Category Archives for Myths & poor logic

You can’t polish a turd; polygamy, abuse and pedophilia.

{I know you are reading this in your hundreds, why not comment? It is anonymous.}

I have not thought a great deal about the recent polygamy thing in Texas which has been in the news a fair bit recently (this is where 52 girls were removed from a ranch in Texas and put into care and foster-homes following allegations of abuse) because this kind of thing goes on over in wacky old America, right?

I have not thought a great deal about it until….. until last night….. last night the number of children went up by one when one of the girls, a 16 year old, gave birth. Apparently she is not the only pregnant child.

I don’t like religion at the best of times but when it is when it is used as an excuse for the in inexcusable it really gets to me; bombings, terrorism, war, murder repression, oppression….. child abuse.

In the UK we have an expression (I don’t know if it is used in the US) which says that “you can’t polish a turd” and it means “shit is shit no matter how you try to hide what it is”.

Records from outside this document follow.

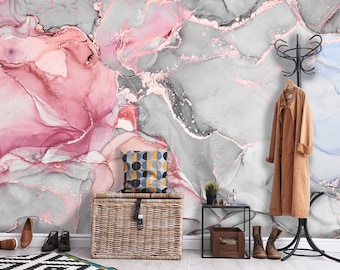 Pink Gray Fluid Art Wallpaper: Modern Abstract Vinyl Wall Mural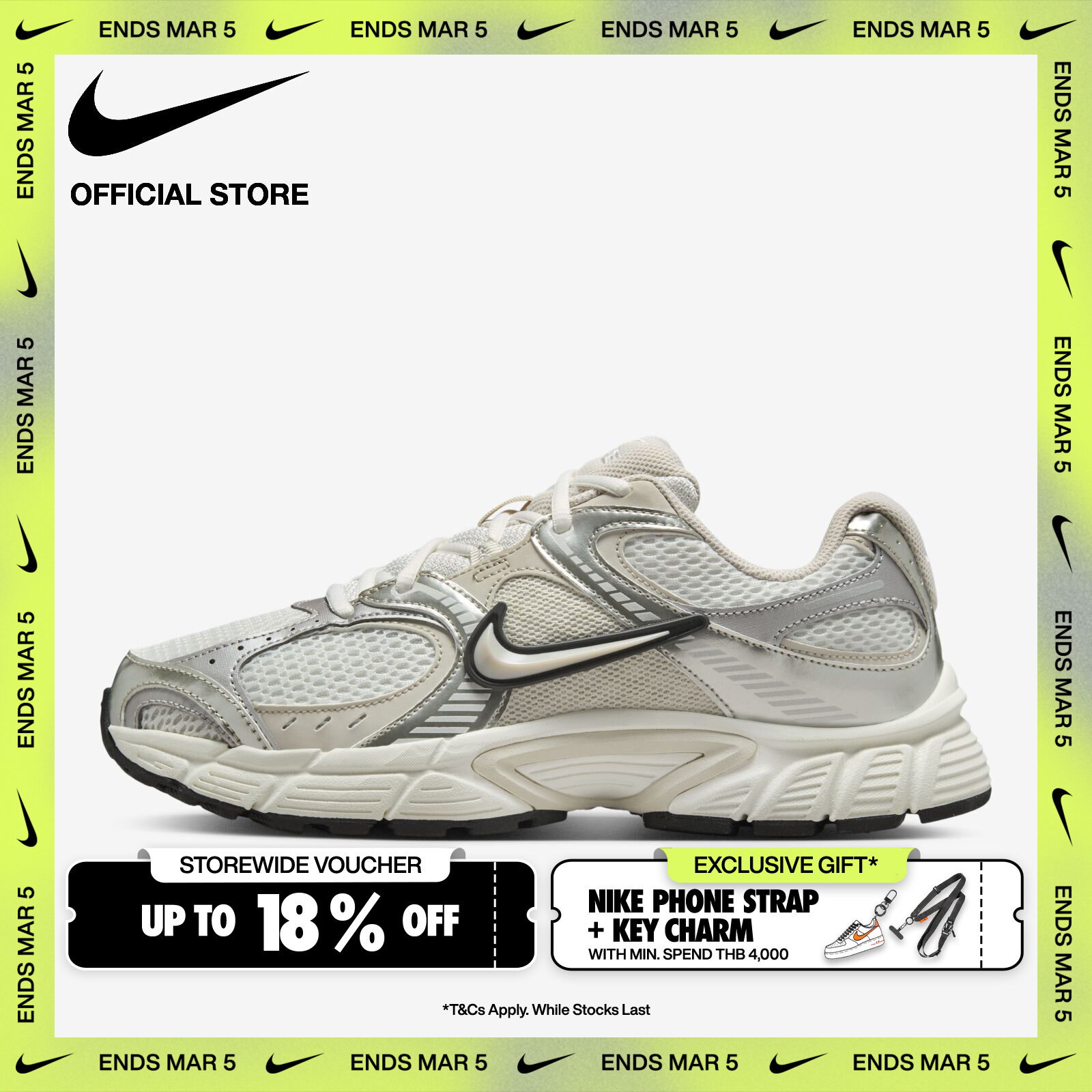 Nike Women's V5 RNR Shoes - Summit White [HQ7901-104] ราคา 3,400 บาท*ส่งฟรี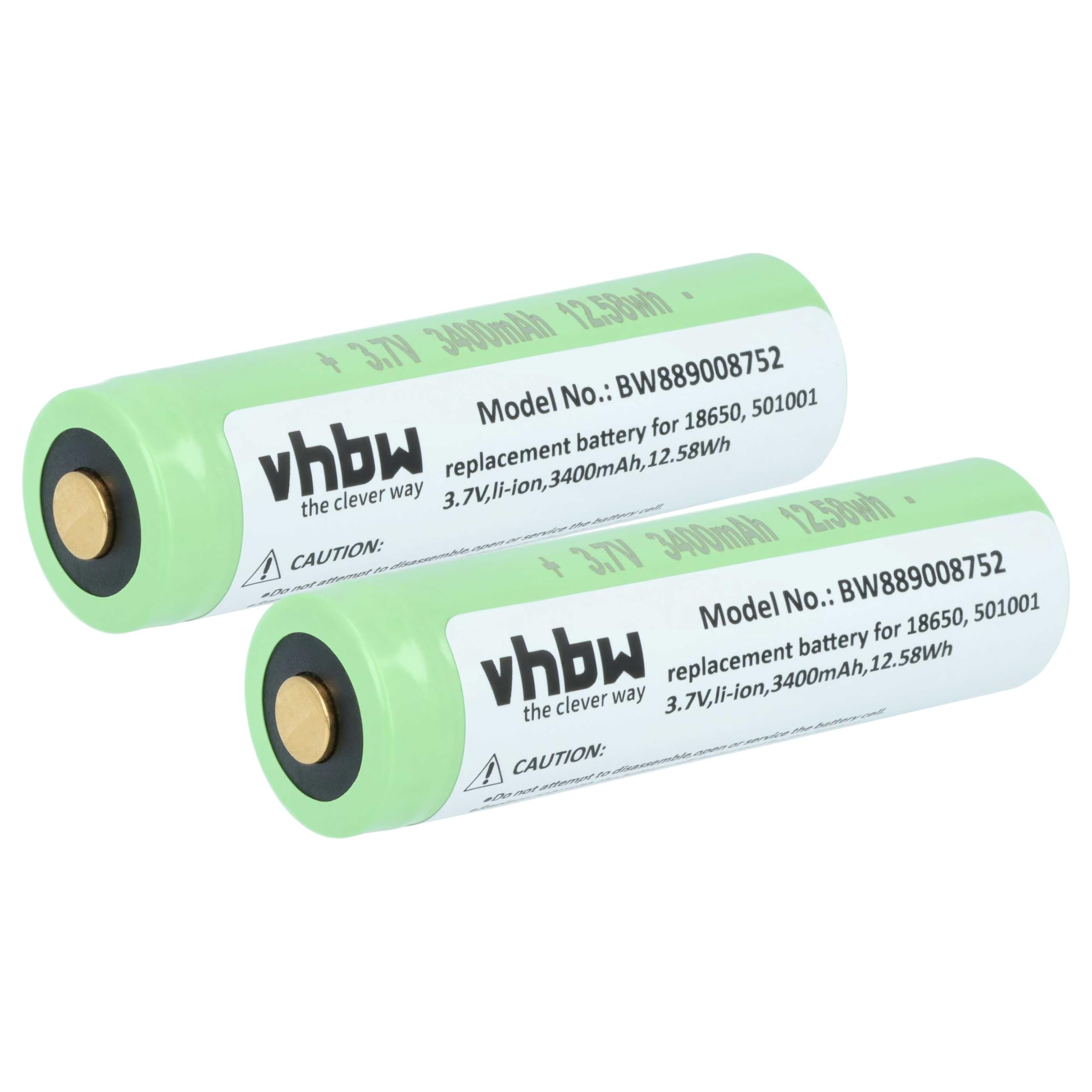 vhbw 2x batteria compatibile con Ledlenser ML4, ML6 Connect Warm Light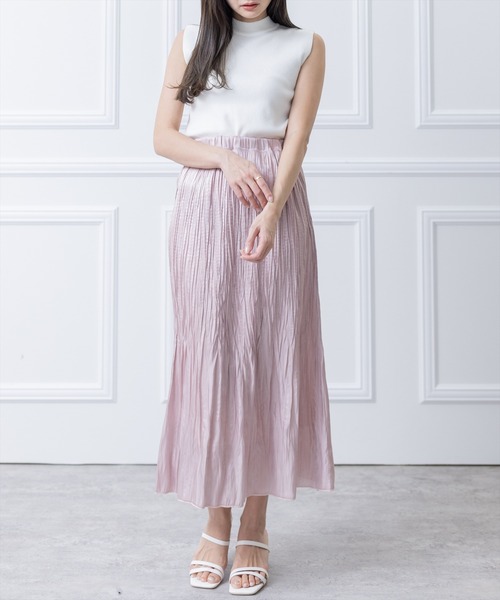 clear（クリア）の「シャイニープリーツスカート[春 夏 大活躍 着回し抜群 大人 カジュアル こなれ感]（スカート・レディース・ベージュ/ラベンダー/ピンク・F）」の16枚目の写真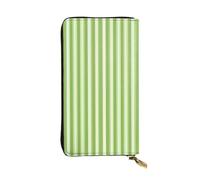 Faux Leather Organizer Wallet For Women, Classic Green Striped, Long Zip Coin Purse, Travel Checkbook Holder & Card Case Wallet For Everyday Use, Gifts Reusable Check Budget Money Purse For Ladies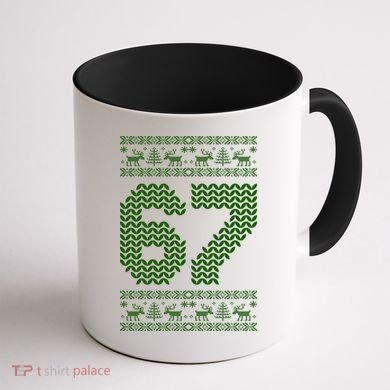 6-7 Ugly Christmas Sweater 67 Meme Design Coffee Mug back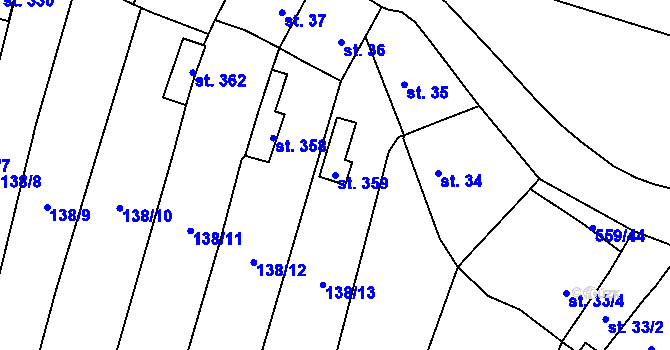 Parcela st. 359 v KÚ Stádlec, Katastrální mapa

Well, for a moment I think these polygamist folks almost managed it with me, they have gone on a big PR offensive and, to tell you the truth, I was not paying that much attention in the first place.

They have tried to take polygamy and dress it up as “religion” and “freedom” when what it really is about is a few older men surrounding themselves with small armies of poorly educated, brainwashed, compliant women; don’t be fooled by their weasel-words, it is not “religion” or “freedom”, it is abuse.

And in this particular case, and numerous others, “religion” and “freedom” is really about being allowed to “marry” and have sex with young girls. It is a cynical attempt at dressing up paedophilia as something virtuous and somehow acceptable.

But you cant polish a turd.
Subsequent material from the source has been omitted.